Ook bij ons zijn er goede voorbeelden. ‘Een nieuwe lente, en een nieuw geluid’ is sterk. Of: ‘Ik ben makelaar in koffie, en woon op de Lauriergracht, No 37’.

Voor Karel van het Reve was die laatste zin niet te overtreffen. Hijzelf was ook sterk in eerste zinnen, en ik meen me te herinneren dat hij ergens vertelt over een stukje dat hij had geschreven, louter omdat hij een bepaalde openingszin niet kon laten liggen. Waar hij dat precies vertelt, weet ik niet meer maar ergens in zijn Verzameld Werk staat het.

Wat geldt voor een boek of een preek als geheel, kan natuurlijk geen kwaad voor de afzonderlijke onderdelen. Een nieuw hoofdstuk, of zelfs een nieuwe alinea mag ook sterk beginnen.

In een boek dat ik net uit heb, van padre Manuel da Costa, een zeventiende eeuwse jezuïet, staan veel mooie aanhefzinnen. Arte de Furtar heet het boek, en het werd als De Kunst van het Stelen uit het Portugees vertaald door Harrie Lemmens. (Athenaeum–Polak&Van Gennep, Amsterdam 2010, 328blz.)

Zoals de titel zegt, krijgen wij uitleg over alle trucs die dieven gebruiken. Het spreekt dat de padre niet de bedoeling heeft om zijn lezers het dievenpad op te sturen, stelen blijft immers zonde, maar hij legt ons hun trucs uit, zodat wij na lectuur gewapend zijn tegen struikrovers, bankiers, belastingontvangers en ministers.

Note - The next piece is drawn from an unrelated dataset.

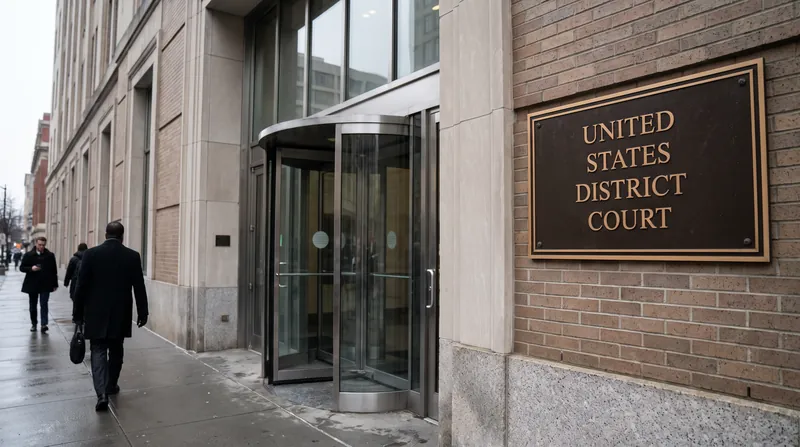 A federal district judge in Missouri issued a temporary restraining order mandating the use of the new map, setting up an appellate showdown.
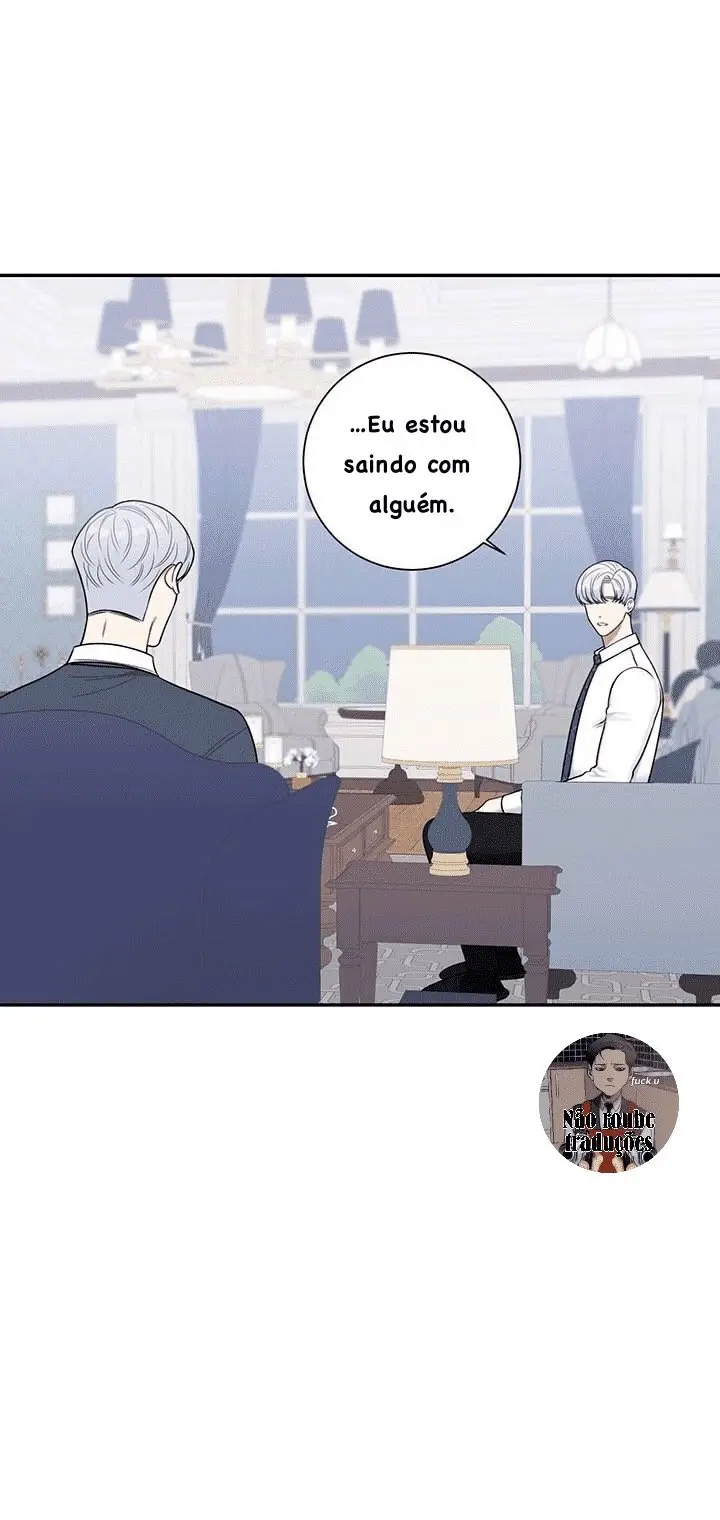 Cherry Blossoms After Winter – Capítulo 107 Yaoi – Página 56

Manuel da Costa begint een van zijn hoofdstukken aldus:

‘Ik ga ervan uit dat ik niet tegen hersenloze dieren praat, maar tegen denkende mensen, die dingen begrijpen, ook al zijn ze atheïst en geloven ze niet dat God bestaat en dat er een leven na de dood is.’

Wie zou na deze zin zijn boek snel weer een hoek ingooien?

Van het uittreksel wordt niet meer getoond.